Two miles from Whitchurch, on the Shropshire border a tandem pair caught up to me, and boasted how they had come all the way from Burtonwood by St Helens. I agreed they had done a good ride (almost as far as I had) but when they complained of the hard road I laughed. “You’ll have harder yet!” I forecasted, as, entering Whitchurch, I sent them on to the Wellington road, myself turning westward in an oblique slant towards the Welsh border.
A few miles along the Ellesmere road I stopped for tea at a cottage all but hidden in a long riot of a garden. Fifty six miles were good enough for an afternoon ride. Now the level waters of the Mere, the narrow streets of Ellesmere, the crossing of the Holyhead road at Whittington, where the great towers and moat of a feudal castle add romance to the place. I have heard it said that here was born the poor boy who dreamed of London streets paved with gold, and who became the Capital’s greatest Lord Mayor three times. Behind the fairy story of Dick Whittington is the germ of truth. Saturday night in Oswestry, narrow streets, great crowds, dusk – and the road again, beating south again as the moon came up.
There is a cross roads at Llynclys, and there I turned westwards, between low hills, growing higher, with a river growing swifter, clearer, the Tanat river. Lamplit, in moonlight, a road almost level, are ideal conditions of travel, and my wheels sped for many miles, veered at last from the main valley, and came to Llanrhaeadr-ym-Mochnant, the deep village under the shadow of Berwyn. The last four miles above the Rhaeadr stream would shatter any dream of speed, the ninety miles in my legs began to tell their tale, and my mind was occupied with the promised supper, now so near. I had earned it, I felt. After an array of good things there was to be plum pudding overspread with custard. Two helpings. Then I would lie back in supreme comfort when it was over, and smoke a reminiscent cigarette.
There was Pistyll Rhaeadr ahead, a tall black cliff shutting up the valley, with the white streak of water upon it, a farm, even a group of great fir trees dwarfed by this, the highest waterfall in Wales. On the last hill above the farm I turned aside through a gate, along a good green track, and at the first bend I saw our two tents romantically placed across the track – the only level spot in that region. The tents were unlit and deserted; inside I saw the rest of the kit hurriedly thrown down. Leaned against the steep moor were the two bicycles. Then I saw the table. This was a huge, flat-topped rock about two feet high. For lack of other space Fred had encircled it within the tent, one large section protruding from the doorway. And even the table was bare!

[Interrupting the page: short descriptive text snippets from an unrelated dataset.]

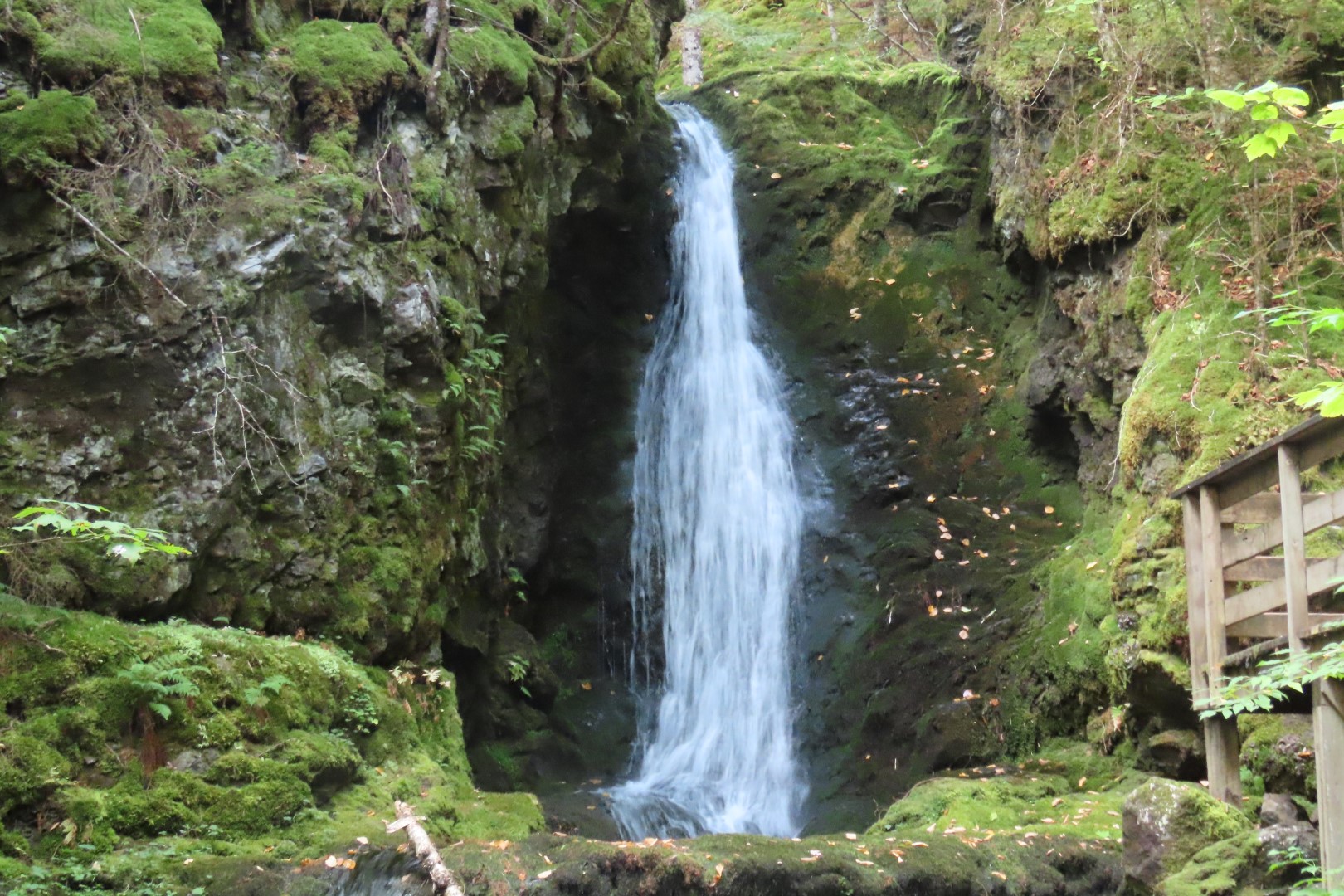 Dickson Falls in Fundy NP 22 of 24 (#9270)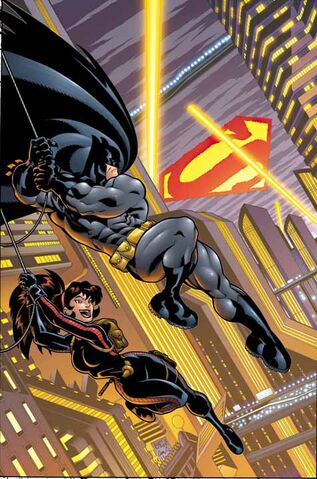 File:Batman 0638.jpg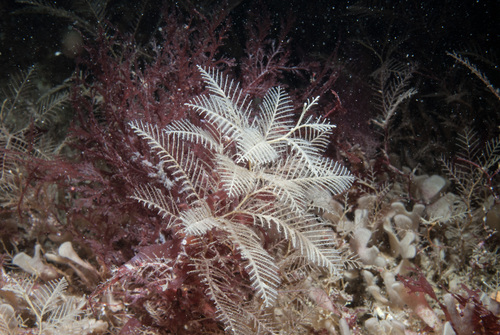 Hydrallmania falcata
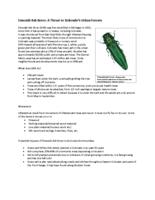 Emerald ash borer, a threat to Colorado's urban forests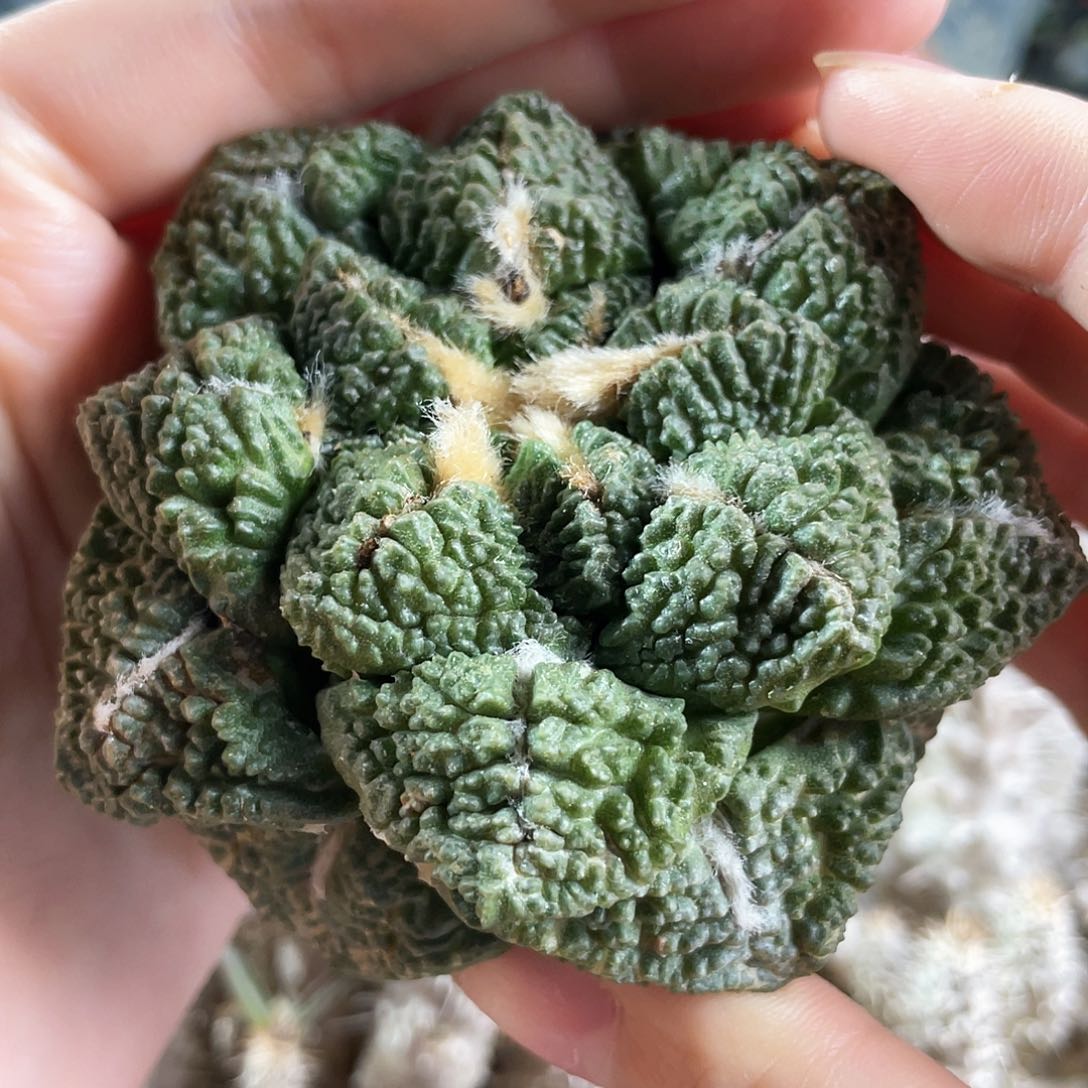 爱**秋2号酸菜龟甲牡丹1颗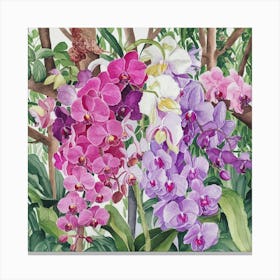 Orchids 8 Canvas Print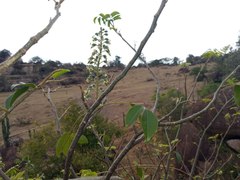 Myroxylon peruiferum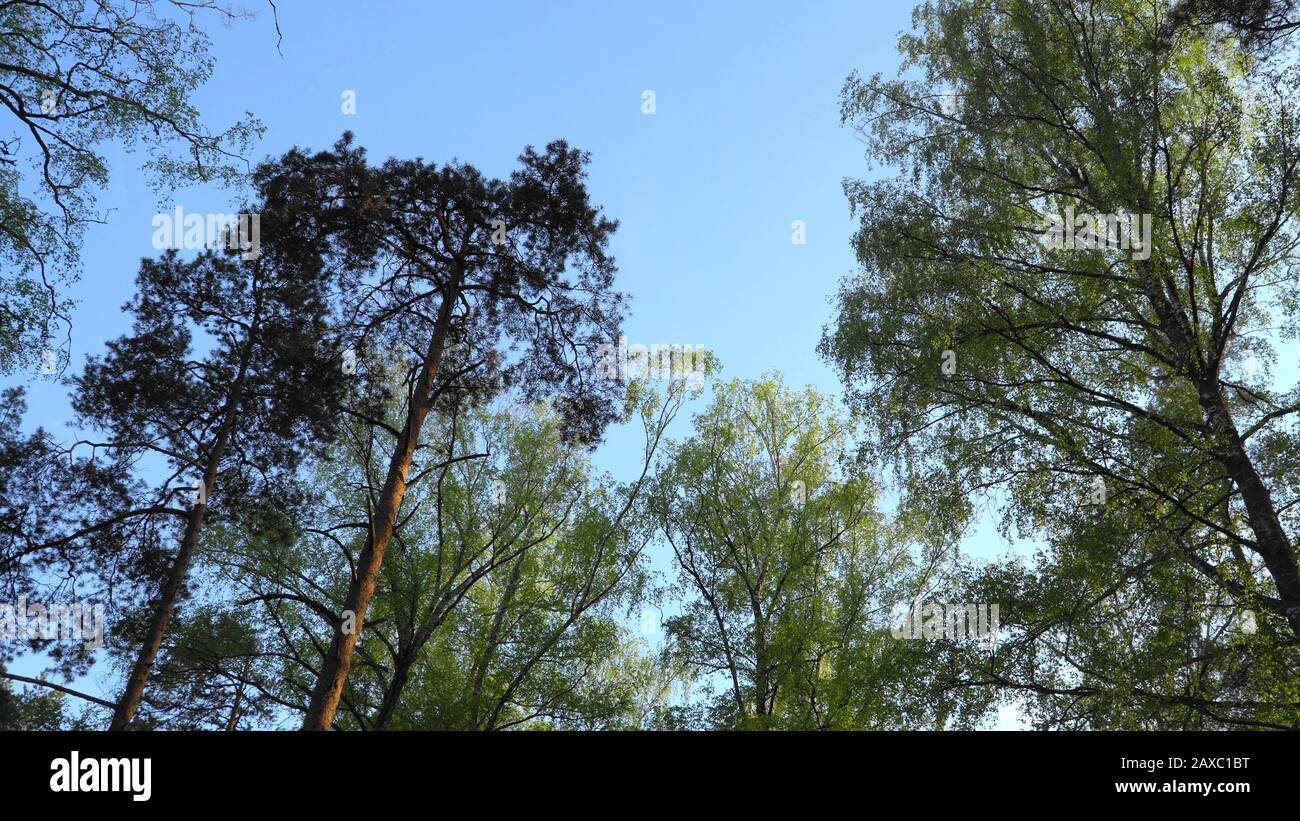 Laubbäume toppen und Baumkronen vor blauem Himmelshintergrund. Die Frühlingssaison. Ausgedünnte Mischwälder Panoramaaussicht von unten nach u Stockfoto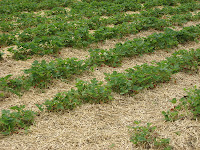 Strawberry Field View 2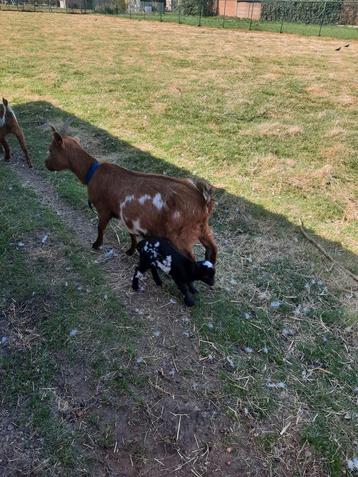 2 boklammeren beschikbaar voor biedingen
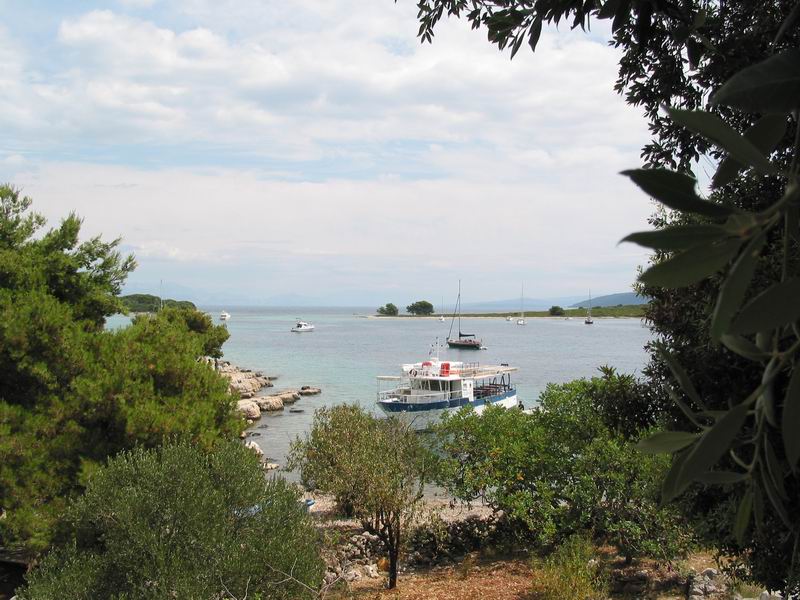 Teuta na parkovišti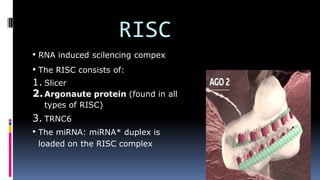 Mi Rna Risc mi%20rna%20%20FINAL.pptx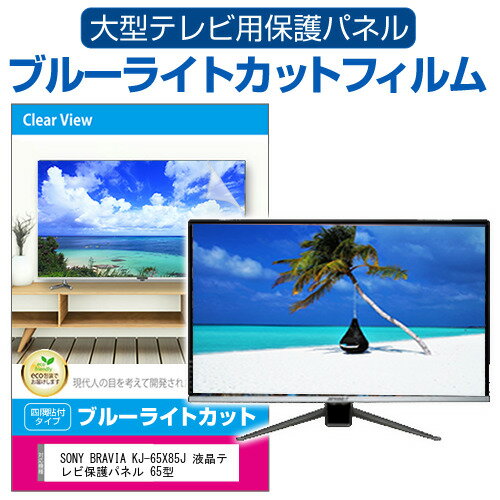 SONY BRAVIA KJ-65X85J 液晶テレビ保護パネル 65型 ブルーライトカット テレビ保護パネル 65インチ 保護 フィルム 画面 モニター 破損 防止 有機ELテレビ UV 保護 テレビガード 薄型 カバー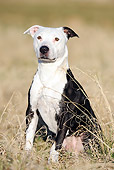 DOG 02 SS0004 01
American Pit Bull Sitting In Meadow
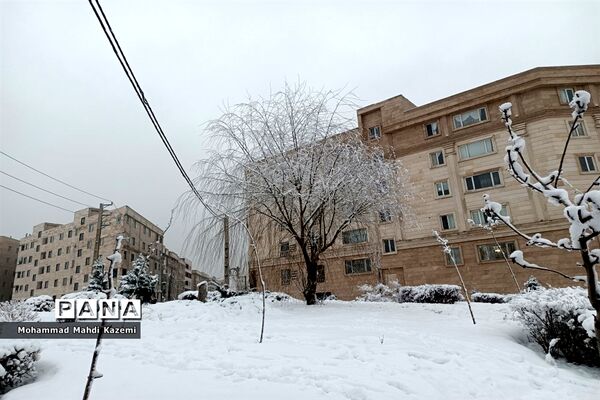 بارش شدید برف در تهران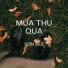 Sơn Bùi
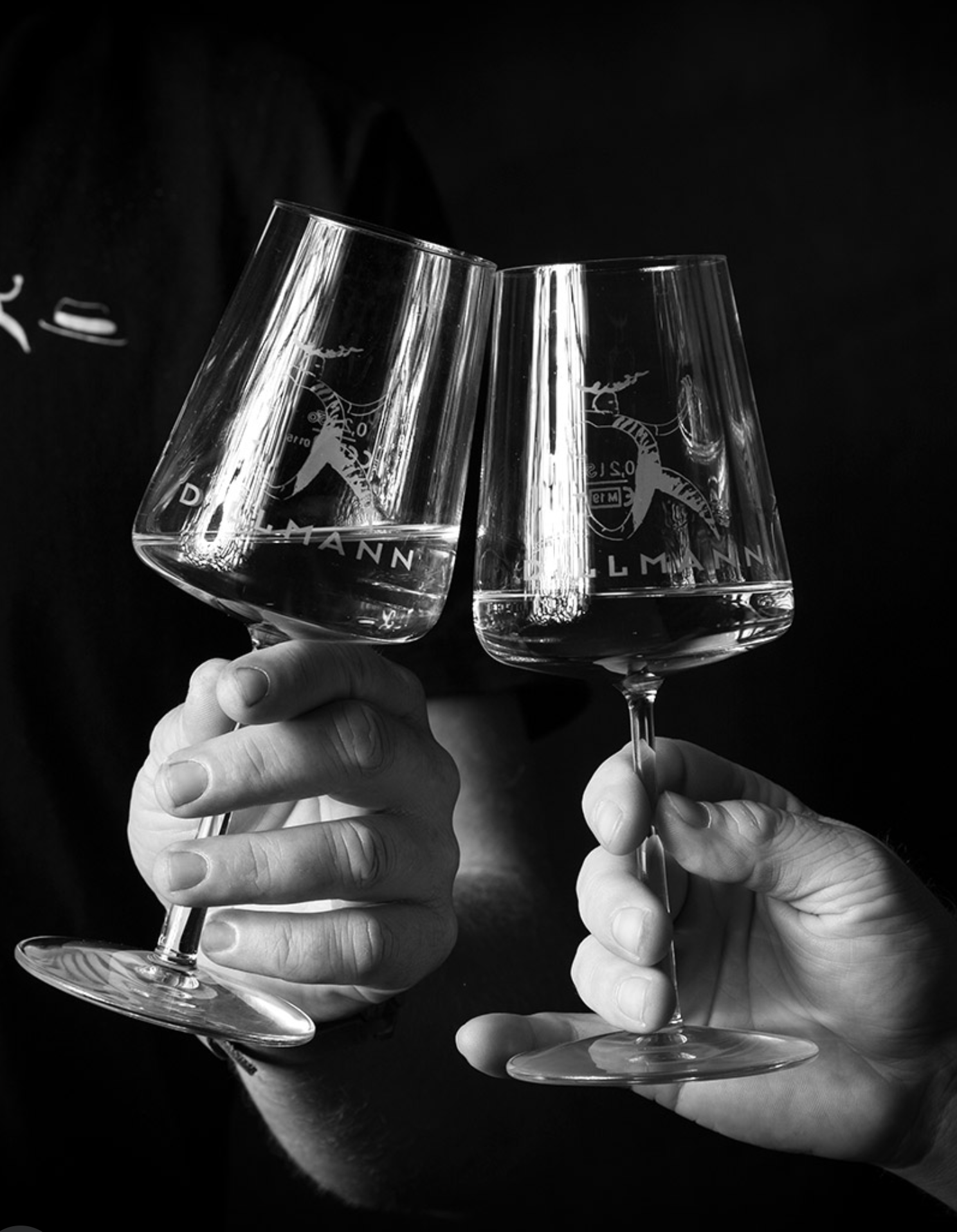 Marius und Marcel vom Weingut Dillmann stoßen mit zwei Weingläsern an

My light had evidently been seen, for there were voices calling me from somewhere far below in the bottom of the valley. Some time later two overheated cyclists burst through the bracken below the path, carrying a milk can and canvas bucket. They had foraged the farm without luck, and taking a short cut along this branch valley had become tangled up in fences, heather, and bog.
Long afterwards the pudding appeared, if not hot and steaming, at least warm on the outside. Of custard there was none, but we sat round our rocky table in the bright moonlight and ate, and drank coffee ad lib, and yarned. The ‘table’ effectively stopped us from closing up the tent, so Fred and I slept curled round it.
Cool and sulky morning. How often has serene eventide lulled our last thoughts into a golden morrow, to find, on awakening, a transformation, a promise falsified? The rain barely held off while we packed our kit away, and as we moved on in single file along the narrowing path the rain came, “gentle as the dew from heaven” at first, then steadily settling in, in true Berwyn fashion. At a stream the track ended, the trouble began, the usual becaped struggle over tufty grass, tangly heather, into the wild amphitheatre in which lie reed edged, gloomy Llyn Lluncaws, under the frowning brow of Moel Sych. As this was our third crossing we feared no false moves, and skirted the lake, striking by the easiest route, towards a rugged summit ridge directly north.
There is no easy way, with heavily laden bicycles that first summit was reached by sheer hard graft. The cumbrous capes, the slipping grass, brought us down in turns, and we fell heavily. The heather tugged at us. This ridge gave a view into the deep jaws of Maen Gwynedd valley, across which the rain slanted. Now the climb was toward Moel Sych itself, aslant the main spur, again a devilish struggle, this time with loose scree to cross, over which one looked down hundreds of feet of rock to Llyn Lluncaws. I was well ahead when I saw Jo suddenly slip and come down, bicycle and all on the very edge of the cliff. Fred dropped his bike and made a grab, hauling her clear, with not a foot of space nor a moment of time to spare. Dangerous moments! No injuries, just a word of thanks, and once more the slow, wary plod with shouldered bikes. These things are not remarkable, just the rough chances of the hills which the three of us are willing to take.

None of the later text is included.